Vincent Vega: John Travolta / Butch Coolidge: Bruce Willis / Jules: Samuel L. Jackson / Mia: Uma Thurman

Directed by Quentin Tarantino /  Written by Tarantino and Roger Avary

Pulp Fiction Poster

PULP FICTION was not so much released in the fall of 1994 as it was bestowed upon us.  Is it the best film of the 1990’s?  No (that honor goes to Martin Scorsese’s 1990 film GOODFELLAS), but it surely emerged as one of the most unique, offbeat, and original films of the last decade of the Twentieth Century.  Behind it all was a Generation X-er who grew up not going to film school, but by watching movies. 

Writer/director Quentin Tarantino's story is legendary, a wanna-be actor who worked on the side at a L.A. video store and took home films by the armloads.  He didn’t need College professors to educate him on the cinema, he needed movies.

  Watching PULP FICTION and revisiting it ten years later, this is abundantly obvious.  Like George Lucas did with the original STAR WARS, Tarantino’s PULP FICTION is a broad and wonderful kaleidoscope of movies he adored growing up and their influences dance though the film.  Whereas Lucas was influenced by innocent, B-grade adventure serials films to make his sci-fi epic, Tarantino was more interested in lurid, crime thrillers and film noir capers about seedy and evil people.  PULP FICTION is a thrill ride into Tarantino’s passions for these types of films, and watching it is like seeing a kid walk through a department store and play with the stuff he likes best.  The film shows what can result when a talented filmmaker reaches his peak, and PULP FICTION still is one of the most accomplished films of the last twenty years.

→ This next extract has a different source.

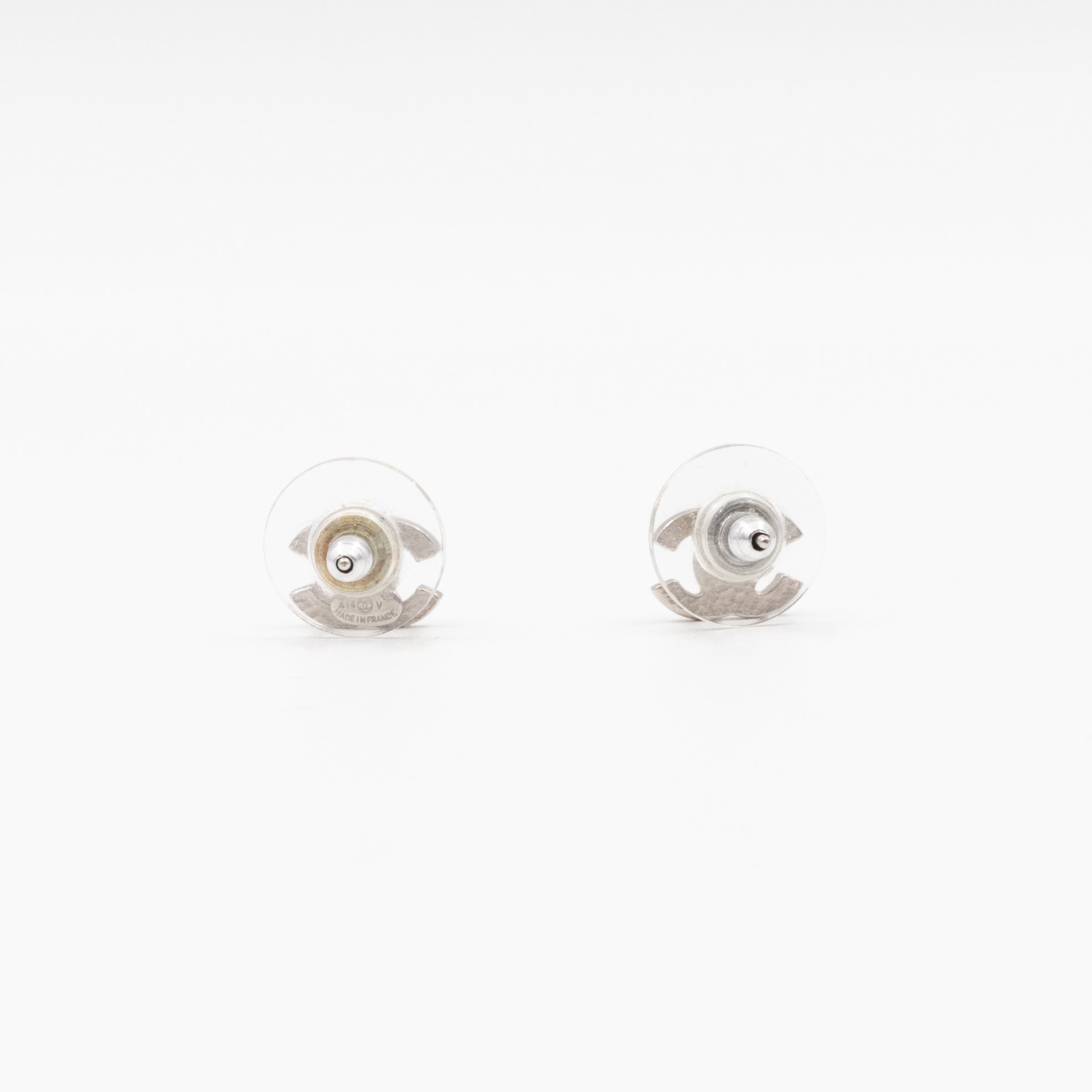 Mini CC Crystal Earrings Silver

Tarantino and friend Roger Avary wrote PULP FICTION.  It just may be the best screenplay of the 90’s.  It’s one of those scripts where characters are allowed to speak and speak freely on any subject, whether its how to give foot massages, what they call McDonald’s hamburgers in France, or even Bible scripture.  The point is that they, like David Mamet, give character to their characters by freeing them from the wooden confines of the terribly limp and lifeless dialogue that so preoccupies modern films.  Their dialogue does not serve to advance the story in any way.  Rather, it gives color, whimsicality, and humanity to its characters.  Yes, oftentimes the characters engage in multi-syllable profanities that start with “f” or “mother” and use a certain racial slur several times, but cynics miss the point.  This film breaths and lives on its dialogue, and Tarantino has become the heir-apparent to the Elmore Leonard's and Mamet’s before him.  Yes, he’s that good.  And if you want to see a monologue written any better, then look no further that a speech given by the great Christopher Walken near the middle of the film where he tries to explain to an eight year old the trials and tribulations of trying to deliver him his father’s watch.  Writing just does not get better than that!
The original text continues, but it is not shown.